Вопрос, как всегда, лишь в том, кто окажется сверху, — я или она.
— Алина, если ты не против, я буду записывать наш разговор, — сказала Мария Давидовна, положив на прикроватный столик небольшой диктофон.
— Пожалуйста, — кивнула девушка. Она выглядела значительно лучше, чем три дня назад. Щеки порозовели, в глазах появилась жизнь, хотя все еще сильная бледность кожи и вялые движения. Она полулежит на функциональной кровати. Отключенный монитор с темно-серым экраном и отсутствующая капельница говорят о том, что очень скоро, может даже сегодня, её переведут из реанимационного отделения в обычную палату. Хорошее питание и присутствие рядом мамы быстро вернут её к жизни.
— Как ты себя чувствуешь?
— Не знаю. Наверное, хорошо. После того, что случилось, я даже не знаю, как это — хорошо?
И, помолчав, она задала тот вопрос, на который никто ей не отвечает:
— Со мной парень был, Виктор Дачевский, что с ним? Он жив?
— Нет, он мертв.
Алина задумчиво и как-то отстраненно кивнула. Не заметив ни одной слезинки в глазах девушки, Мария Давидовна спросила:
— Это твой друг?
— Не совсем, просто знакомый, с которым не хочется встречаться, но — все равно, жаль. Он просто оказался не в том месте и не в то время.

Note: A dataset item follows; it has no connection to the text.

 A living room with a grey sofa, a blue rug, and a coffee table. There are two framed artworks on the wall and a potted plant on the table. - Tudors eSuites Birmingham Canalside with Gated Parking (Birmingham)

— Благодаря ему, ты осталась жива.
— Не знаю, — неуверенно говорит Алина, — может быть и так. А, может, и нет. Если бы не Виктор, который задержал меня, я бы на час раньше домой пришла и вообще ничего бы не было.
— Алина, расскажи мне, что произошло, — сказала Мария Давидовна. Собственно за этим она и пришла. Девушка это понимает. И тихо неторопливыми короткими фразами начинает рассказывать.